**Exercise details**
Pull out every line below containing the word "room".

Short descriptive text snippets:

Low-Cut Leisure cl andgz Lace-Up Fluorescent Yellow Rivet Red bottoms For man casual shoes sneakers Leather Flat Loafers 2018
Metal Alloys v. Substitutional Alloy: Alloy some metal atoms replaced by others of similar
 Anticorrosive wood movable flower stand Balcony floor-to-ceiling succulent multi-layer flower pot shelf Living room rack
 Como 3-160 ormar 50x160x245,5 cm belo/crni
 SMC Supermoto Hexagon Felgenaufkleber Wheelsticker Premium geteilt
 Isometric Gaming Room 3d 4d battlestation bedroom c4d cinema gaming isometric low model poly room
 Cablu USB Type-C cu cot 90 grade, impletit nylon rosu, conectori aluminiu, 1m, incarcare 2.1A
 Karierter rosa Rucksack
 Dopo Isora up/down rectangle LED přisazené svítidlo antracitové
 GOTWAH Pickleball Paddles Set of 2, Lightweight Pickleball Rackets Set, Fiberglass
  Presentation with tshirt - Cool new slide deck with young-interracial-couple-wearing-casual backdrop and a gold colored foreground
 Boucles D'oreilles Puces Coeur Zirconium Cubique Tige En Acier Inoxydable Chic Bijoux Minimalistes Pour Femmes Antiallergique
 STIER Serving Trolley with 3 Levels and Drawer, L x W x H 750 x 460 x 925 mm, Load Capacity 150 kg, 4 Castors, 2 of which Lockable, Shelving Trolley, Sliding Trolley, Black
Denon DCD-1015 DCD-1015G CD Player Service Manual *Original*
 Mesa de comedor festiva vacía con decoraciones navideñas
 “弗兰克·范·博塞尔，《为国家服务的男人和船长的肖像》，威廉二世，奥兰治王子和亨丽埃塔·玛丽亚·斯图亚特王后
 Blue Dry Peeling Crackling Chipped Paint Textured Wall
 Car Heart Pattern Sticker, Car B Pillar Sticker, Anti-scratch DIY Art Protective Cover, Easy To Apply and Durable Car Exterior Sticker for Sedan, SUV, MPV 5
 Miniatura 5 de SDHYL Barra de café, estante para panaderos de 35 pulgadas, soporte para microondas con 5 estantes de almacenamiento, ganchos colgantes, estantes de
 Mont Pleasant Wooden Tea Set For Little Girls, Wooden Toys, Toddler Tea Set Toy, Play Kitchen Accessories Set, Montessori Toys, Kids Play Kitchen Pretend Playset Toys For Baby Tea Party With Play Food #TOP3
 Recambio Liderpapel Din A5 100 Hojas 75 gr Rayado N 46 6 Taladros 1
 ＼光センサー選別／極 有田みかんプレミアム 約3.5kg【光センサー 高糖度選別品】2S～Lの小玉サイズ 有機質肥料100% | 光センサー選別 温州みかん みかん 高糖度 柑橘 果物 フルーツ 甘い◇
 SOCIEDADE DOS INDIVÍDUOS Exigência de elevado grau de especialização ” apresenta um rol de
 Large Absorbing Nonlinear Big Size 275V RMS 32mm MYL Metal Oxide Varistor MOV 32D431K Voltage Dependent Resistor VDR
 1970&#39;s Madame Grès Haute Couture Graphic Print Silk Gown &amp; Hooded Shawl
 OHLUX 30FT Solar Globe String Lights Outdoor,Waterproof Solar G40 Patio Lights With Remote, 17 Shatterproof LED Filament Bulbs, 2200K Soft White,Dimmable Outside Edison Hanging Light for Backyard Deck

**The completed task**
 Anticorrosive wood movable flower stand Balcony floor-to-ceiling succulent multi-layer flower pot shelf Living room rack
 Isometric Gaming Room 3d 4d battlestation bedroom c4d cinema gaming isometric low model poly room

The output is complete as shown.